Ekonomik ömrünü tamamlamış rüzgâr santrallerinde bulunan ekipmanların neredeyse tamamı geri dönüşümle tekrar ekonomiye kazandırılırken, hala kullanılabilir durumda olan türbinler Orta Doğu’daki pazarlarda değerlendirilebiliyor.
Su, rüzgâr ve güneş gibi doğal kaynakların sahip olduğu enerjinin modern yaşamda kullanılan enerji formuna dönüştürülmesi için faydalanılan teknolojiler çeşitlenirken, ekonomik ömrünü tamamlamış ve metal içeren ekipmanların değerlendirilmesi, atık yönetim operasyonlarında önemli bir alan olarak görülüyor.
ABD Enerji Bakanlığı verilerine göre ülkenin 2050’ye kadar rüzgâr enerjisi kurulu gücünü 40 GW’tan 404 GW’a artırma planı ile çoğu ömrünü tamamlamış rüzgâr santrallerinden yaklaşık 6,88 milyon ton atığın ortaya çıkacağı hesaplanıyor.

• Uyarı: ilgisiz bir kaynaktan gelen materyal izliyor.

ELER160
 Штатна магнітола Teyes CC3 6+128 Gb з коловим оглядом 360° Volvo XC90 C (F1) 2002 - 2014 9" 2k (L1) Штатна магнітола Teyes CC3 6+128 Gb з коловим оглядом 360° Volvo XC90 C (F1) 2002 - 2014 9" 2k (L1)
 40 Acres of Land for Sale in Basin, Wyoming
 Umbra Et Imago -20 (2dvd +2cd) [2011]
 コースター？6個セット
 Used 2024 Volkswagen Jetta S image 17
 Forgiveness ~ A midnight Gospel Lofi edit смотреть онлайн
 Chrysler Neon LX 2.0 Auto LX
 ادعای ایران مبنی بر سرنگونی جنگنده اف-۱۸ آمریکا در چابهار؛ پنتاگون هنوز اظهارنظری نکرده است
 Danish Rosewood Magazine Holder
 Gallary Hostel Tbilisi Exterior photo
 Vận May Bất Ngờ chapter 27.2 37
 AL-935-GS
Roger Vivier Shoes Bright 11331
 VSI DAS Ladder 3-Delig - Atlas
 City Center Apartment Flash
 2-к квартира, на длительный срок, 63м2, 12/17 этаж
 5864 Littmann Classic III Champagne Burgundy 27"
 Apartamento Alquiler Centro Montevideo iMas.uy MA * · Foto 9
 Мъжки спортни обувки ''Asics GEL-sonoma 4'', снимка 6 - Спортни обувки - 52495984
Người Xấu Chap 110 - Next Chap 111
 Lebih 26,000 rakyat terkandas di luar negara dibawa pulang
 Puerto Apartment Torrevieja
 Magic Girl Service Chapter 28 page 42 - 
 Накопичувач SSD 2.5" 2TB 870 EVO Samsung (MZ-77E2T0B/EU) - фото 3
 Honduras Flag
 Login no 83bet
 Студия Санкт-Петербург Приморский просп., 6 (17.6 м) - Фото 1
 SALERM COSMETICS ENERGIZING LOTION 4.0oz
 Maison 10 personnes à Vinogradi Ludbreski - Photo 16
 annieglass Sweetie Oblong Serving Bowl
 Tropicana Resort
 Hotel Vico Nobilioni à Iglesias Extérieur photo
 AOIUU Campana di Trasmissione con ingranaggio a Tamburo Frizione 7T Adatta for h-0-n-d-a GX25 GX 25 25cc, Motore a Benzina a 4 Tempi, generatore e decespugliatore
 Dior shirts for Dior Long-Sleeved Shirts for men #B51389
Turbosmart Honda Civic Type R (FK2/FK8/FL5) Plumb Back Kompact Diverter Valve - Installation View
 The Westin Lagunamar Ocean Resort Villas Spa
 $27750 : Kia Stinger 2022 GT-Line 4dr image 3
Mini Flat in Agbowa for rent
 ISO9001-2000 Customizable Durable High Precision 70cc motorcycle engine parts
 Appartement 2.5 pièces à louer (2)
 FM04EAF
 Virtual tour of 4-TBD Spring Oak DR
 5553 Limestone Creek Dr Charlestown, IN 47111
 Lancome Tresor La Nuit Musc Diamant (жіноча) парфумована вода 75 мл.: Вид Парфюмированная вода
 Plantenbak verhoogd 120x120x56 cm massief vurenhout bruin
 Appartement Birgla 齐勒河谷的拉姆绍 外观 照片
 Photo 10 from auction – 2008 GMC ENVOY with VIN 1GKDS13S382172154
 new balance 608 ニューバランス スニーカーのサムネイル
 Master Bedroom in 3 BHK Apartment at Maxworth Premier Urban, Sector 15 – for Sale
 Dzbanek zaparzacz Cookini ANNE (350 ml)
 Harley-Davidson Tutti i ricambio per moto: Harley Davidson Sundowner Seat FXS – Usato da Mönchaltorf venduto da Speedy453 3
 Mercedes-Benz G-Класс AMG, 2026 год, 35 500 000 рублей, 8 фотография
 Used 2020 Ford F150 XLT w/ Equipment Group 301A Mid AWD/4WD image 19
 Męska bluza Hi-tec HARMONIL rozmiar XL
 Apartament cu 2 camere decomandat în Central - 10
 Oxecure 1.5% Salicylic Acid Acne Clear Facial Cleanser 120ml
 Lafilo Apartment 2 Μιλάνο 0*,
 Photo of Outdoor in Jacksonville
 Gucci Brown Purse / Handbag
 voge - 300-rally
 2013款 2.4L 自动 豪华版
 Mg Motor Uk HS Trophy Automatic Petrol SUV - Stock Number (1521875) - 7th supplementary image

Araştırmalar, rüzgâr enerjisi santralini oluşturan kanat, türbin ve kulelerin, mukavemete dayanıklı olmaları için fiberglas, epoksi, çelik ve farklı metallerden yapılmasının atık yönetiminde zorluklara sebep olduğunu ortaya çıkarsa da başta Almanya, Danimarka ve Hollanda gibi rüzgâr enerjisini kullanan öncü ülkelerin bu atıkları değerlendirmede başarılı sonuçlar aldığı biliniyor.
Danimarka’da kurulan startup’lar rüzgâr türbin kanatlarını bahçe ve şehir mobilyalarına dönüştürürken, Hollanda, Almanya ve Danimarka’da bisiklet garajları ile gölgelikler yine bu kanatlar kullanılarak inşa ediliyor.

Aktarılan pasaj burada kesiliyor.